Brent oil for November settlement decreased $1.26 to $110.16 a barrel on the London-based ICE Futures Europe exchange. The European benchmark grade’s premium to West Texas Intermediate was at $18.22, down from $18.53 on Sept. 21.
The disagreement between the French and German leaders was the only point of public discord. Integration should happen “the earlier, the better,” Hollande told reporters in the German town of Asperg on Sept. 22. Merkel said that there’s no point doing something fast if it then doesn’t work.
“The market wants to see proof that Europe is climbing out of the doldrums,” said Jonathan Barratt, the chief executive officer of Barratt’s Bulletin, a commodity newsletter in Sydney. “The market has become a lot more pessimistic.”
Oil in New York rose above $100 this month for the first time since May amid speculation European steps to tame the crisis and monetary easing by central banks would boost the global economy. The European Central Bank said Sept. 6 it would purchase bonds while the U.S. Federal Reserve said Sept. 14 it would start buying mortgage securities.
Prices have also gained since U.S. and European Union sanctions on Iran’s energy exports took full effect in July.
Israeli Prime Minister Benjamin Netanyahu and Defense Minister Ehud Barak have indicated that, as Iran proceeds with its nuclear work and negotiations stall, Israel may have no choice but to launch a preemptive strike in self-defense.

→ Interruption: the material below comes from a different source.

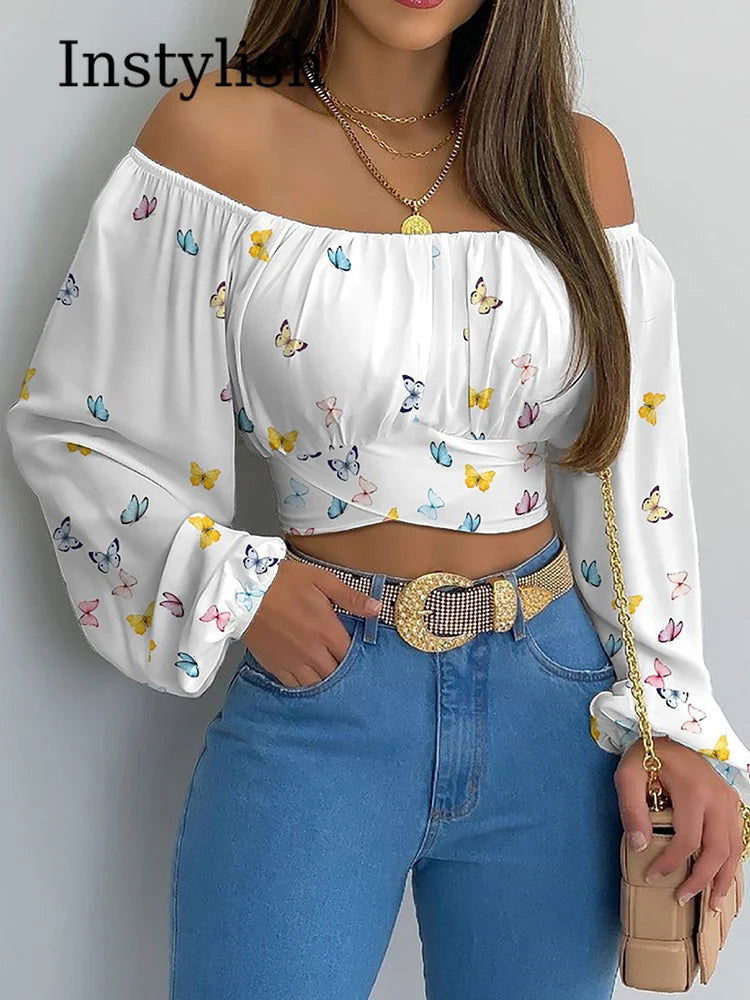 Women Sexy Off Shoulder Printing Blouses Chic and Elegant Lantern Long Sleeve Lace Up Bow Cropped Tops Casual Slim Shirts 2023 - Slobuy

Israel “will be destroyed” if it initiates action, Major General Mohammad Ali Jafari, the commander-in-chief of Iran’s Revolutionary Guard Corps, said Sept. 22, according to the state-run Mehr news agency.
“The current drop in prices cannot be sustained unless sanctions on Iran are lifted, quantitative easing plans are shelved, and geopolitical tension in the Persian Gulf subsides,” Nabil Farhat, a partner at Abu Dhabi-based Al Fajer Securities, said in an e-mail yesterday.
Hedge funds increased bullish oil bets for a fifth week in the seven days ended Sept. 18 on speculation that the Fed’s latest round of economic stimulus will boost hiring and bolster demand. Money managers added to net-long positions, or wagers on rising prices, by 5.6 percent, according to the Commodity Futures Trading Commission’s Commitments of Traders report on Sept. 21. It was the highest level since May 1.
In London, funds and other money managers reduced bullish bets on Brent crude by 7,514 contracts last week from their highest level in more than four months, according to data from ICE Futures Europe.